Royal Navy Rear Admiral (born 1956)

Rear Admiral Richard Derek Leaman (born 27 July 1956) is a British charity executive and former senior Royal Navy officer. Since 2021, he has been Diocesan Secretary and CEO of the Diocese of Bristol. He was previously CEO of The Guide Dogs for the Blind Association (2010 to 2016) and CEO of the Tall Ships Youth Trust (2017 to 2020).

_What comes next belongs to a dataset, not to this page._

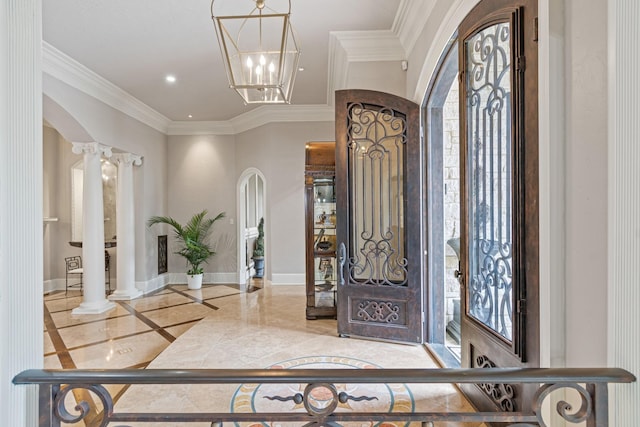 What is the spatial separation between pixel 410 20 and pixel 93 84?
4358mm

==Early life and education==
Leaman was born on 29 July 1956 in Lynton, Devon, England, to Derek Alan Leaman and Jean Rita Leaman. He was educated at Torquay Boys' Grammar School, an all-boys state grammar school in Torquay, Devon. Later in life, he studied at Manchester Business School and completed the Advanced Management Achievement Course in 2010.

==Career==
===Military career===
In 1975, Leaman began one years training at the Britannia Royal Naval College. He was commissioned into the Royal Navy in 1976. On 1 January 1980, he was promoted to lieutenant and granted seniority in that rank from 1 March 1979. In 1982, he attended the Principal warfare officer Course and won the Edgerton Gunnery Prize; he was the youngest ever PWO. He was promoted to lieutenant commander on 1 March 1987, to commander in 1991, and to captain in 1996. He commanded the offshore patrol vessel HMS Dumbarton Castle from 1991 to 1992, the Type 42 destroyer HMS Cardiff from 1993 to 1994, and Type 22 frigate HMS Cumberland from 1999 to 2000.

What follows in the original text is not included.